The introduction of antibiotics has been one of the greatest achievements in medicine. However, as bacteria develop antibiotic resistance with a tremendously fast pace, the threat has returned and there is an urgent need for finding novel ways of fighting infectious diseases.
Many pathogens have the capacity to invade human cells and to exploit the interior of their host cell as a growth niche. While human cells can sense invading microbes and can activate powerful defense programs (cell-autonomous immunity) to destroy the microbe or limit its growth, successful pathogens evolved to counteract these defenses. In my research group, we believe that a profound understanding of the molecular basis of this arms race could pave the way for innovative antimicrobials. We therefore apply state-of-the-art tools in molecular genetics and microscopic imaging, as well as high-throughput genetic and compound screening approaches, to uncover the hidden protective potential of pathogen-suppressed cellular defense programs, to identify the molecular determinants of host defense and pathogenic countermeasures, and to find means to disturb their balance to the benefit of the host.

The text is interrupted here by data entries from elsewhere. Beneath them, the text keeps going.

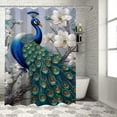 thumbnail image 1 of Fenyluxe Peacock Flowers Butterflies Pretty Shower Curtain Bathroom Decor 100% Polyester Washable Shower Curtain with Hooks 69x72, 1 of 7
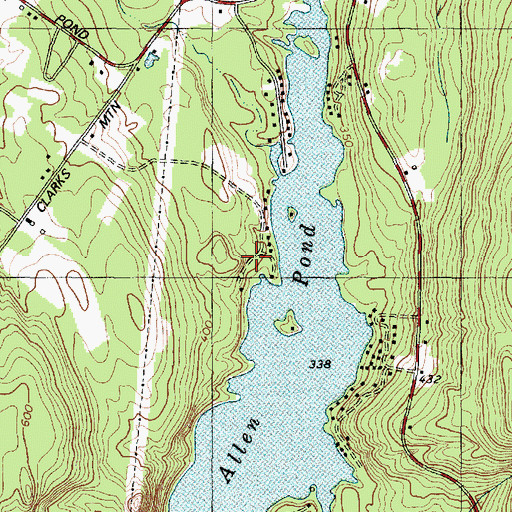 Topographic Map of Allen Pond Campground, ME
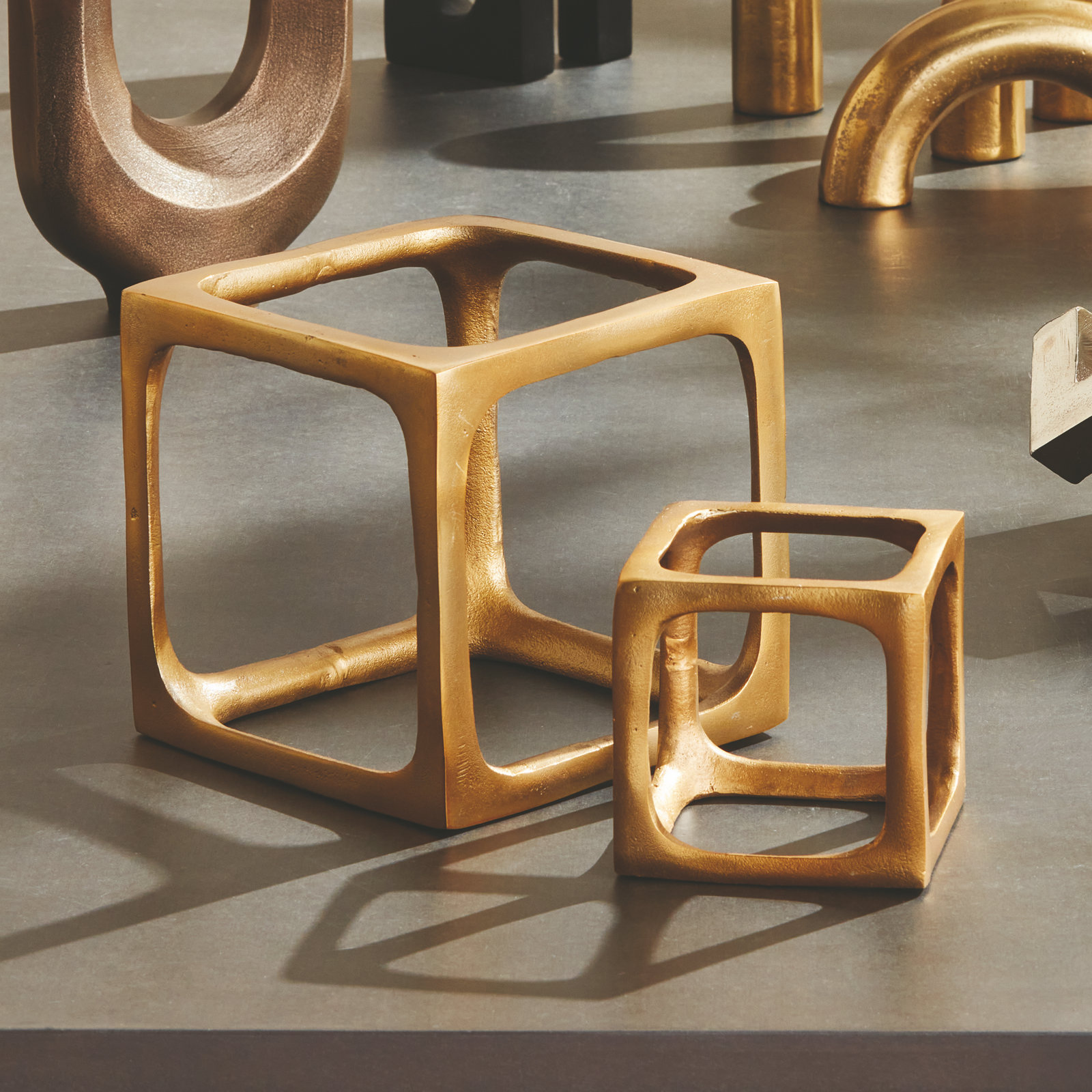 Latte Abstract Figurines & Sculptures, Gold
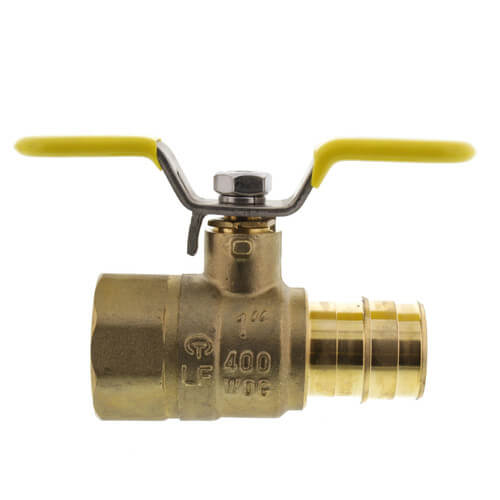 Main product image of 1" Expansion PEX x FNPT Full Flow Forged Brass Ball Valve w/ Wing T-Handle (Lead Free)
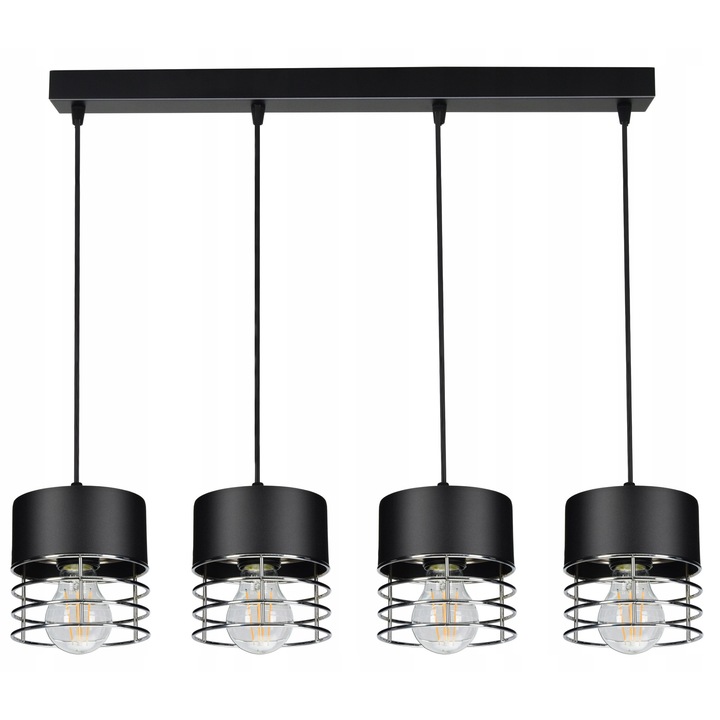 Lustra LED Vigo III Crom, 4xE27, 75cm, Alb/Negru Mat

Our current research focuses primarily on the bacterial pathogen Chlamydia trachomatis. With over 100 million cases annually, C. trachomatis is the most frequent bacterial agent of sexually transmitted diseases, and as such a common cause of infertility and adverse pregnancy outcomes. Furthermore, C. trachomatis is responsible for the ocular disease trachoma, a significant cause of visual impairment and blindness in underprivileged areas of the world. Because C. trachomatis can only grow in the interior of a human host cell, this pathogen is an exquisite model system to study cell-autonomous immunity and bacterial evasion strategies.